Eligibility is tied to (i) carrying out one or more qualifying activities as prescribed in Regulation 2 and (ii) incurring qualifying expenditure that falls within the categories in Regulation 3. The Regulations also affect companies after award, because Regulation 8 addresses the tax consequences where RICs are later recoverable under section 93B(38) and (39). Accordingly, corporate tax teams, investment incentive consultants, and legal counsel advising on applications and compliance should treat these Regulations as part of the lifecycle of the incentive—from application to payout to potential recovery.
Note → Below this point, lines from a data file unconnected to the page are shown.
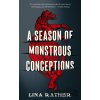 A Season of Monstrous Conceptions - Lina Rather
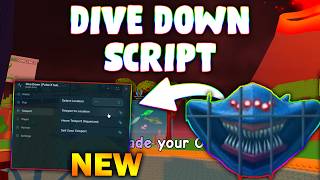 Famous *NEW* Dive Down Script (PASTEBIN 2026) (AUTO FIND , AUTO MYTHIC , AUTO SECRET , TELEPORT  ) Net Worth
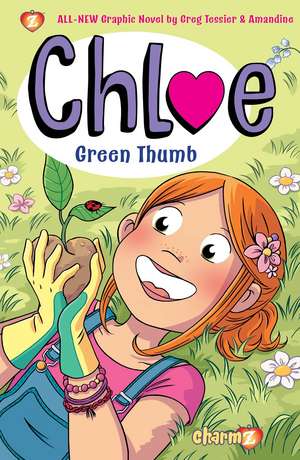 Chloe Vol. 6: Green Thumb de Greg Tessier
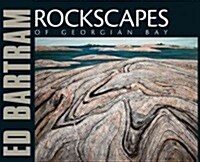 Rockscapes of Georgian Bay (Paperback)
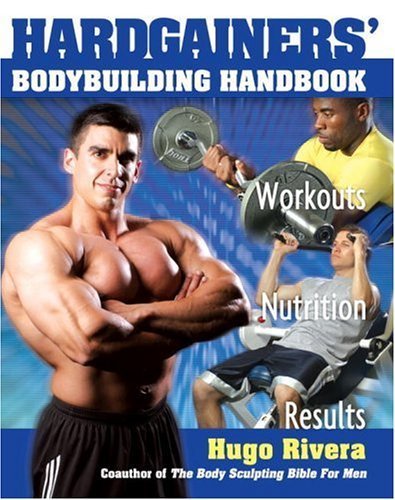 The Hardgainer's Body Building Handbook: Workouts, Nutrition, and Results Paperback March 8, 2005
Why Is This Legislation Important?

For practitioners, the RIC Regulations are important because they convert the broad policy intent of section 93B into concrete, administrable rules. Regulation 2 defines the activity universe. Without a qualifying activity, qualifying expenditure cannot be properly linked to the incentive. Regulation 3 then defines the cost universe and the rate framework, which directly affects the quantum of RICs.
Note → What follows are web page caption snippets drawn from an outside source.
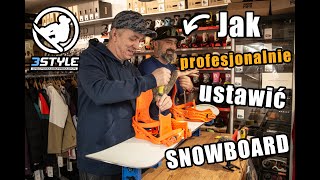 3Style Podcast odc 1  Jak Profesjonalnie Ustawić Snowboard [upl. by Stimson103]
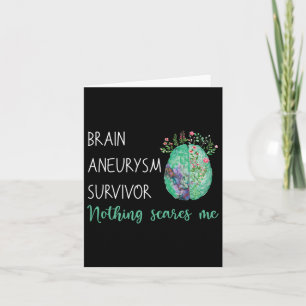 Brain Aneurysm Survivor Nothing Scares Me  Card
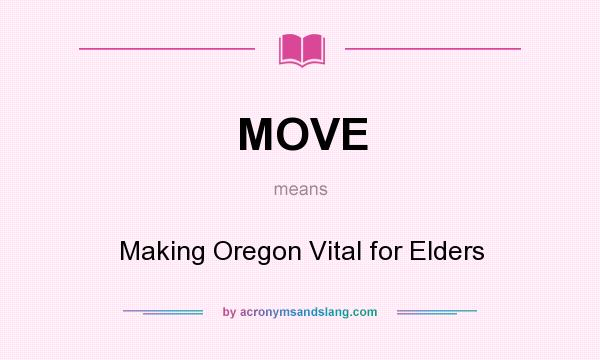 What does MOVE mean? It stands for Making Oregon Vital for Elders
Regulation 4 introduces a “rate determination” layer that depends on scale, nature, and impact—meaning that legal and commercial submissions should be aligned with the statutory factors. For example, for energy efficiency and decarbonisation projects, evidence of resource efficiency and environmental sustainability impact will be particularly relevant. This is a common area where applications succeed or fail, not because costs are absent, but because the impact narrative is insufficiently supported.
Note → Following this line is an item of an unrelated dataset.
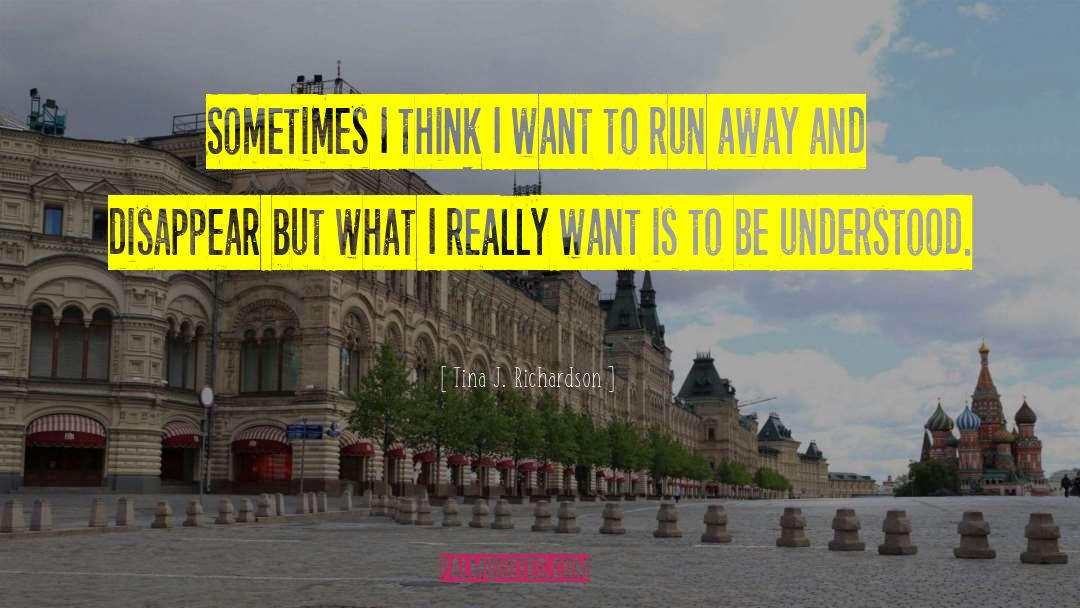 Tina J. Richardson Quotes: Sometimes I think I want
Finally, Regulation 5’s election mechanism is a cashflow and risk-management tool. Because the election is irrevocable and affects the timing of payments, counsel should coordinate the election with the company’s expected financial planning and with the possibility of later adjustments. Regulation 8 further matters because recovery events can occur due to non-compliance, clawback triggers, or other statutory reasons under section 93B. The Regulation’s approach to maintaining deductibility and allowances helps manage the tax consequences of recovery and reduces uncertainty about whether the expenditure must be treated as a government-subsidised grant.

  • Income Tax Act 1947 — section 93B (Refundable Investment Credits), including subsections referenced in the Regulations (e.g., 93B(15), 93B(29), 93B(30), 93B(38), 93B(39), 93B(40), 93B(51)).

Source Documents

This article provides an overview of the Income Tax (Refundable Investment Credits) Regulations 2025 for legal research and educational purposes. It does not constitute legal advice. Readers should consult the official text for authoritative provisions.